For SRV queries all healthy backends will be returned - assuming the client doing the query is smart enough to select the best one. When SRV records are returned, the endpoint DNS names are synthesized endpoint-<N>.<cluster>.<zone> that carries the IP address. Querying for these synthesized names works as well.

The traffic plugin has no notion of draining, drop overload and anything that advanced, it just acts upon assignments. This is means that if a endpoint goes down and traffic has not seen a new assignment yet, it will still include this endpoint address in responses.

Load reporting is not supported for the following reason. A DNS query is done by a resolver. Behind this resolver (which can also cache) there may be many clients that will use this reply. The responding server (CoreDNS) has no idea how many clients use this resolver. So reporting a load of +1 on the CoreDNS side can results in anything from 1 to 1000+ of queries on the endpoint, making the load reporting from traffic highly inaccurate.

Syntax

traffic TO...

This enabled the traffic plugin, with a default node ID of coredns and no TLS.

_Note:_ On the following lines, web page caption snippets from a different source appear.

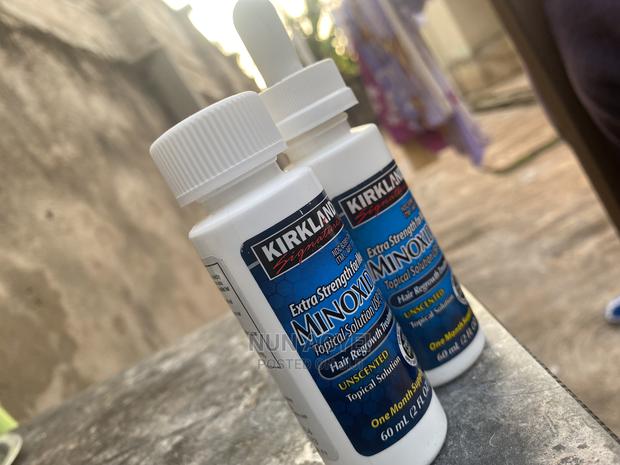 Kirkland Booster Minoxidil · Photo 4
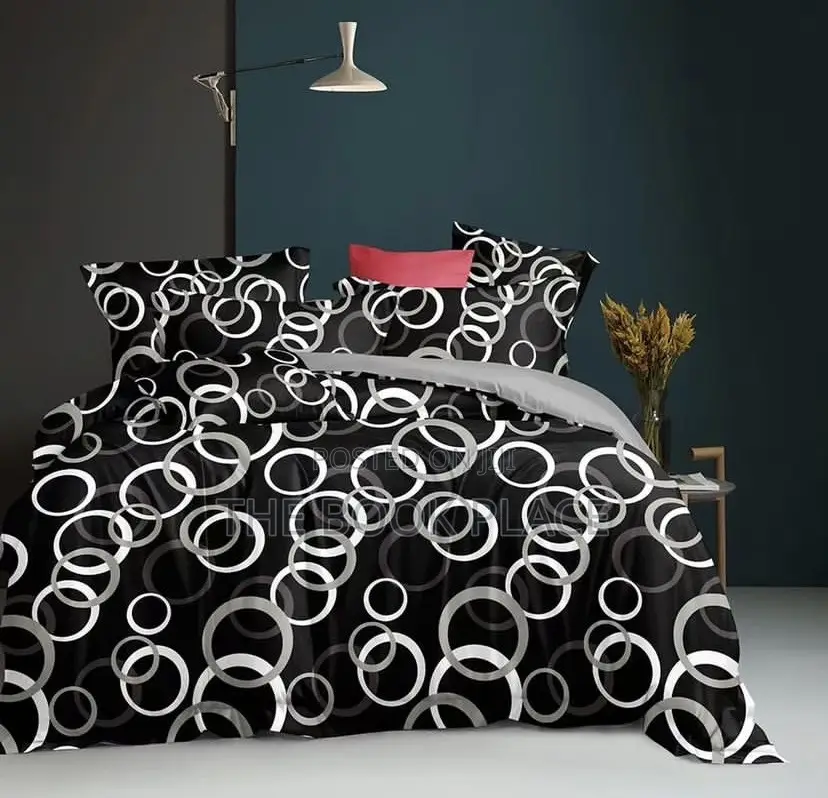 Luxury American Bedsheet and Pillow Case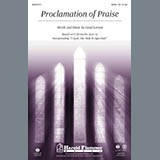 Lloyd Larson 'Proclamation Of Praise'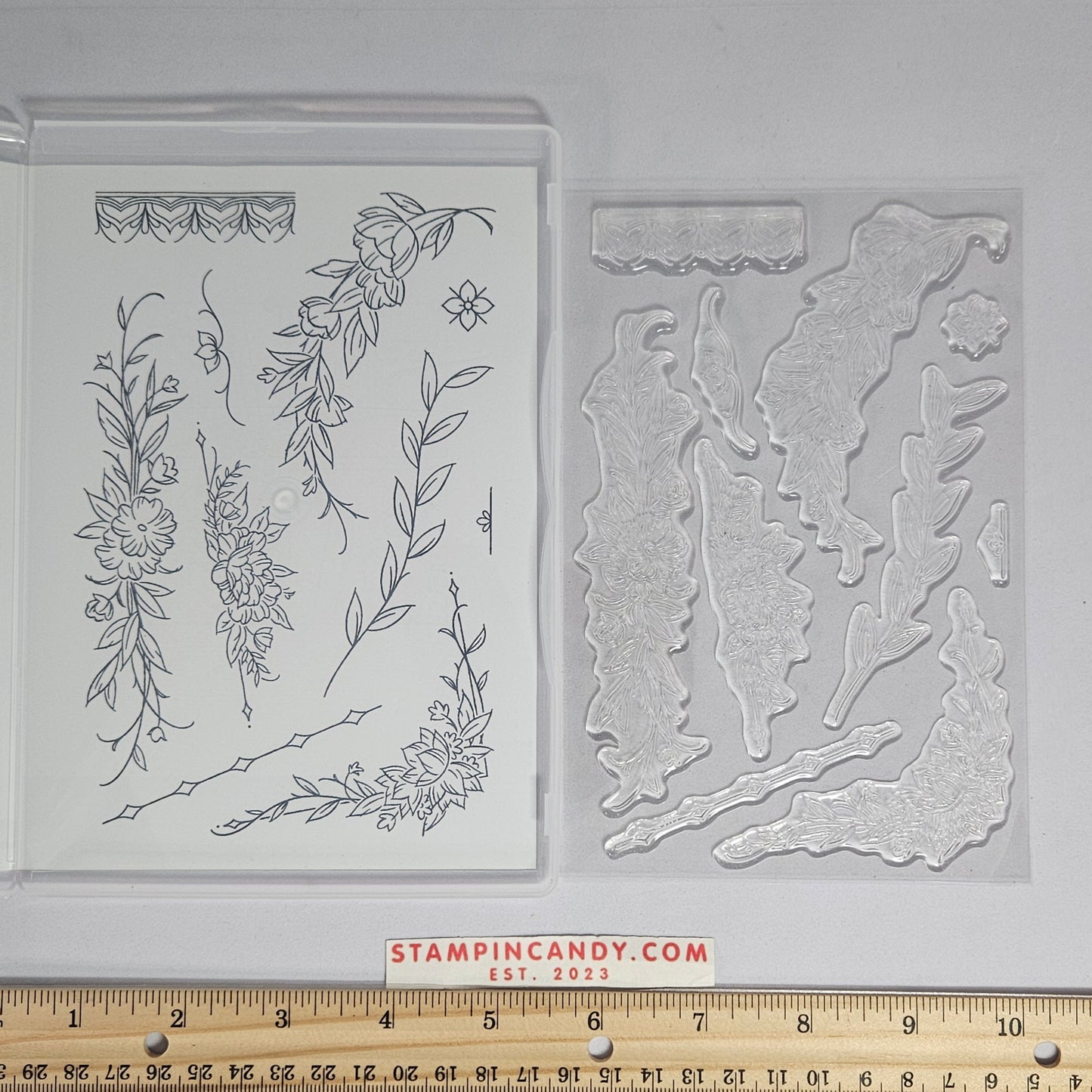 Stampin Up - Decorative Borders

  • TO... are the control plane endpoints to connect to. These must start with grpc://. The port number defaults to 443, if not specified.

The extended syntax is available if you want more control.

traffic TO... {
    node ID
    tls CERT KEY CA
    tls_servername NAME
    ignore_health
}
  • node ID is how traffic identifies itself to the control plane. This defaults to coredns.

  • tls CERT KEY CA define the TLS properties for gRPC connection. If this is omitted an insecure connection is attempted. From 0 to 3 arguments can be provided with the meaning as described below

    • tls - no client authentication is used, and the system CAs are used to verify the server certificate
    • tls CA - no client authentication is used, and the file CA is used to verify the server certificate
    • tls CERT KEY - client authentication is used with the specified cert/key pair. The server certificate is verified with the system CAs.
    • tls CERT KEY CA - client authentication is used with the specified cert/key pair. The server certificate is verified using the specified CA file.
  • tls_servername NAME allows you to set a server name in the TLS configuration. This is needed because traffic connects to an IP address, so it can't infer the server name from it.

  • ignore_health can be enabled to ignore endpoint health status, this can aid in debugging.

Naming Clusters

When a cluster is named this usually consists out of a single word, i.e. "cluster-v0", or "web". The traffic plugins uses the name(s) specified in the Server Block to create fully qualified domain names. For example if the Server Block specifies lb.example.org as one of the names, and "cluster-v0" is one of the load balanced cluster, traffic will respond to query asking for cluster-v0.lb.example.org. and the same goes for web; web.lb.example.org.

Metrics

If monitoring is enabled (via the prometheus plugin) then the following metric are exported:

  • coredns_traffic_clusters_tracked{} the number of tracked clusters.

Ready

This plugin report readiness to the ready plugin. This will happen after a gRPC stream has been established to the control plane.

Examples

lb.example.org {
    traffic grpc://127.0.0.1:18000 {
        node test-id
    }
    debug
    log
}

This will load balance any names under lb.example.org using the data from the manager running on localhost on port 18000. The node ID will be test-id and no TLS will be used.

Also See

The following documents provide some background on Envoy's control plane.

Bugs

Priority and locality information from ClusterLoadAssignments is not used. Multiple TO addresses is not implemented. Credentials are not implemented.